Problem description>
State how many lines in the following entries hold the word "EXPLAINED". The reply is that number only.

--- Extracted information Enclosed Below ---

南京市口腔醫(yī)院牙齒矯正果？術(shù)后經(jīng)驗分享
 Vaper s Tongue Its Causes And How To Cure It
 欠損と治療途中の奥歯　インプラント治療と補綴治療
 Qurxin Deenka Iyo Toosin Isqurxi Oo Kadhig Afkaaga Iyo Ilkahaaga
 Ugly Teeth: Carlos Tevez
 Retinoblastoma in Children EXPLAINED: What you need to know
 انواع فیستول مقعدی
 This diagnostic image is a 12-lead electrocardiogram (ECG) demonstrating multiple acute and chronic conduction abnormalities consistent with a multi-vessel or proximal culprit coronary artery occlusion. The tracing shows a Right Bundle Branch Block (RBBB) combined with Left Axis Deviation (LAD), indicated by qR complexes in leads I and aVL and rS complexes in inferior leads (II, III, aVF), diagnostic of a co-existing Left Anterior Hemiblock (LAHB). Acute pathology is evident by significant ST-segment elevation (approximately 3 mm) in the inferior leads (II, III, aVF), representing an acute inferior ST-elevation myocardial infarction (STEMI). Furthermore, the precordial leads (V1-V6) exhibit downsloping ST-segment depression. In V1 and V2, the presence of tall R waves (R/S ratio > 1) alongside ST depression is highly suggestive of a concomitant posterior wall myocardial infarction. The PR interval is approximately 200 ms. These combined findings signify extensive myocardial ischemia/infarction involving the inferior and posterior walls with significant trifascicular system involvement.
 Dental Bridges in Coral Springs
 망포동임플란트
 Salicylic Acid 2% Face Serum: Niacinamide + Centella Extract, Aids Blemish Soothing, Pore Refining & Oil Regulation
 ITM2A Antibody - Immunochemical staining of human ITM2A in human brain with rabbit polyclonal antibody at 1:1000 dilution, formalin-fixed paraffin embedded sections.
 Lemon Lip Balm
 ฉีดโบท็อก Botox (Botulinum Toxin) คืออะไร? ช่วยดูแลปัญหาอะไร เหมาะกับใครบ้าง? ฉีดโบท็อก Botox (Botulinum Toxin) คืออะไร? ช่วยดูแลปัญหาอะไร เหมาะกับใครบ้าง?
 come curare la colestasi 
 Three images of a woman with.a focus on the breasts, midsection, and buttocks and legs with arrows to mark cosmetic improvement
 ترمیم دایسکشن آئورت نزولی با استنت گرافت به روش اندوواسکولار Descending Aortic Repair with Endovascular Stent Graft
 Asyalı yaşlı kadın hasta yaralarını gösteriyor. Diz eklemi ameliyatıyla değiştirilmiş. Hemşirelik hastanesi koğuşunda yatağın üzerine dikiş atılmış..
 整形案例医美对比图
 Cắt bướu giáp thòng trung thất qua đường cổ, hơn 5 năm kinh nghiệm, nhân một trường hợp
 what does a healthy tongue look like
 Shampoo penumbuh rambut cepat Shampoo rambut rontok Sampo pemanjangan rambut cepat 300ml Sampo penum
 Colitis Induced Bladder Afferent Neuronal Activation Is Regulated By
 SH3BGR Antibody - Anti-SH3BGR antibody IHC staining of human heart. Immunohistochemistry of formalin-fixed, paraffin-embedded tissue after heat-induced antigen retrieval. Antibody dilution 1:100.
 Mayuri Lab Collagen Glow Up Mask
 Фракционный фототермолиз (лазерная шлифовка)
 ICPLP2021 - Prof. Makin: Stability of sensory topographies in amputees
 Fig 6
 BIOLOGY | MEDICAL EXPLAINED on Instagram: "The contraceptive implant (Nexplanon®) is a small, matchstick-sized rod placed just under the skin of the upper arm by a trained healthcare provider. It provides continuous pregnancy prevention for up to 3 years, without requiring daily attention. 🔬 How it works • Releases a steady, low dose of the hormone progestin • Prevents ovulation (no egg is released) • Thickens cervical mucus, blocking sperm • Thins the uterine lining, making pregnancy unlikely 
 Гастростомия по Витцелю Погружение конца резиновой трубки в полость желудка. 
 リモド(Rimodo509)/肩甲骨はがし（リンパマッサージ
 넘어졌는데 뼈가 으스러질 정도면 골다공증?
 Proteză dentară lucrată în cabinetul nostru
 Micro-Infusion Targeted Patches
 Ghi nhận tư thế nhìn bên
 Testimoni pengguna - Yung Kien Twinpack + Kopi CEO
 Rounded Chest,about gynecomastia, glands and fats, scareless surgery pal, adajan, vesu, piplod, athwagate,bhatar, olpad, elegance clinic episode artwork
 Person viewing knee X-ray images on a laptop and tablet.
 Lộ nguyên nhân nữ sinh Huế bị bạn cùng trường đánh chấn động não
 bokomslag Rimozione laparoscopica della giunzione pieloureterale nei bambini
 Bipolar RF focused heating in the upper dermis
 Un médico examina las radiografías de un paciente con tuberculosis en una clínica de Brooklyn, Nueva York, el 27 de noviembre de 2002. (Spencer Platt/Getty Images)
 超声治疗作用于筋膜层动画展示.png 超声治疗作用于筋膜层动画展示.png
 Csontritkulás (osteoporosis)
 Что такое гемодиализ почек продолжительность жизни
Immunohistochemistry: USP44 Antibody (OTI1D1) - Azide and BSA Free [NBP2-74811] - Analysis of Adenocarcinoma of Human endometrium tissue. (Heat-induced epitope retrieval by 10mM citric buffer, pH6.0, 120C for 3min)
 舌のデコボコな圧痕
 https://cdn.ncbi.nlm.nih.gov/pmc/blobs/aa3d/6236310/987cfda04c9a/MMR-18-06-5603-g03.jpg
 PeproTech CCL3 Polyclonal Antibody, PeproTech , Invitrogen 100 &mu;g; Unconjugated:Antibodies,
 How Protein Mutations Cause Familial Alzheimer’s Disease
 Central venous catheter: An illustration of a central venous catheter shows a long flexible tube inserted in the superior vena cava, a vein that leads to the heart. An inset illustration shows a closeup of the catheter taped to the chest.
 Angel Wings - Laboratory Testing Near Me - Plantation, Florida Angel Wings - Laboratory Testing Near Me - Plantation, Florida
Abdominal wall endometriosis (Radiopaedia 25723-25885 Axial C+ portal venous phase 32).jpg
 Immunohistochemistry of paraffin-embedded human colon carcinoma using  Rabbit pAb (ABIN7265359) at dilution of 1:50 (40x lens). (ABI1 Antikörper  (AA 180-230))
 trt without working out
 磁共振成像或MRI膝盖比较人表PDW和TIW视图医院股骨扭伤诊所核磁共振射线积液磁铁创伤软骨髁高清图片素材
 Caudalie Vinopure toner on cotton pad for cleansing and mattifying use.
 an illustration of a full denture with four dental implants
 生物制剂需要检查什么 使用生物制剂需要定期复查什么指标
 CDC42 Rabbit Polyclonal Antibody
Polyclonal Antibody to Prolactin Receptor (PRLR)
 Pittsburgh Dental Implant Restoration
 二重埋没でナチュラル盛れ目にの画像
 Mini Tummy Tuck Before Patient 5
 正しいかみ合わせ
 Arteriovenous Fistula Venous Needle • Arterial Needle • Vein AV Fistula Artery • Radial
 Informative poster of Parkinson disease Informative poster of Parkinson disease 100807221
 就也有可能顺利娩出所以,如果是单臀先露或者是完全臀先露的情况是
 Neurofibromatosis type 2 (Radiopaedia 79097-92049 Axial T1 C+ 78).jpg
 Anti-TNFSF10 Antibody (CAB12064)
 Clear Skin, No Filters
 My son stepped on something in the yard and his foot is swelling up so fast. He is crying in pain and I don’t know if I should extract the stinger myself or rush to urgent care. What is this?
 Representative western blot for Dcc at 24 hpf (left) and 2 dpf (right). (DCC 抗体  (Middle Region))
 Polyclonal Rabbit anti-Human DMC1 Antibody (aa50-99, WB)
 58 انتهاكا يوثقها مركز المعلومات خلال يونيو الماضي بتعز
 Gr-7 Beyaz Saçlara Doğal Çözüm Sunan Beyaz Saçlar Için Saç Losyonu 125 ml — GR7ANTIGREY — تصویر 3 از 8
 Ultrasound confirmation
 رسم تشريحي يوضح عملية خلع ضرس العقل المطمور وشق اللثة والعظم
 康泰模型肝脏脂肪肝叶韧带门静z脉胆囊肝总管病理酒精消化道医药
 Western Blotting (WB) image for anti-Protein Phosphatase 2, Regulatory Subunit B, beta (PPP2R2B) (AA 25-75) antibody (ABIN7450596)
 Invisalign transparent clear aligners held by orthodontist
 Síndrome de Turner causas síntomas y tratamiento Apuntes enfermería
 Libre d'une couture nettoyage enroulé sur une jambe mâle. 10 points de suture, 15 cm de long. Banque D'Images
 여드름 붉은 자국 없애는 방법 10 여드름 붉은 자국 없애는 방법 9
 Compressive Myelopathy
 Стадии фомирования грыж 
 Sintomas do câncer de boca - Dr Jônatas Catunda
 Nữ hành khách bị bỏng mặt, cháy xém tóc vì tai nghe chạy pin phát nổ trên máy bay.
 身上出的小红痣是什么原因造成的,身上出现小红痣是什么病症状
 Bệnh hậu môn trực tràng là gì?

--- End of Enclosed Extracted information ---

Solved problem>
2